Entertainment and accommodation venues in Addis Ababa suspected to have links to LGBTIQ+ people are being targeted by city officials. (Photo: Hooaos)
The authorities in the Ethiopian capital, Addis Ababa, have initiated a campaign to crack down on hotels, bars, and restaurants associated with the LGBTIQ+ community.
On Thursday, the Addis Ababa City Peace and Security Administration Office announced it was taking action, in collaboration with the city’s police, against entertainment and accommodation venues connected to anyone “suspected of committing homosexual acts.”
The office asserted that committing homosexual acts, which it described as “disgusting,” is illegal under Ethiopian law. Homosexuality is criminalised, with penalties including up to 15 years in prison.
Officials revealed in a statement on Facebook that action has already been taken against a guest house in the city following reports from the community. The proprietor had been detained, and an investigation was underway.
“Anyone who has information related to homosexual activities can come to the nearest police station to report it,” said the office. It further provided a toll-free number where citizens can call and provide authorities with information about suspected instances of same-sex intimacy.
Just days earlier, LGBTIQ+ activists raised the alarm about an increase in attacks in Ethiopia against individuals based on their real or perceived sexual orientation and gender identity.
Recent weeks have seen the widespread sharing of anti-LGBTIQ+ content on TikTok and other social media platforms, promoting vigilante justice. These videos and photographs often include personal details of forced confessions and physical assaults.

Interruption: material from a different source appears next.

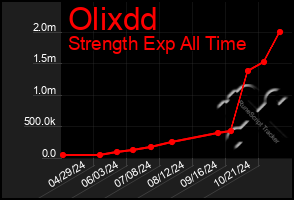 Total Graph of Olixdd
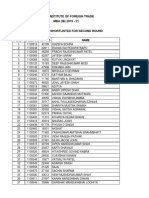 Indian Institute of Foreign Trade MBA (IB) 2019 - 21: SNO Roll No App No Name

On Friday, the local LGBTIQ+ rights group House of Guramayle stated that their website was subjected to a sophisticated “distributed denial-of-service (DDoS) attack,” rendering the site temporarily inaccessible.
The organisation believed the attack was in response to their efforts to raise awareness about the plight of the LGBTIQ+ community.
Ethiopian rights groups are calling for solidarity and support from regional and international media outlets, human rights organisations, digital rights advocates, and other potential partners.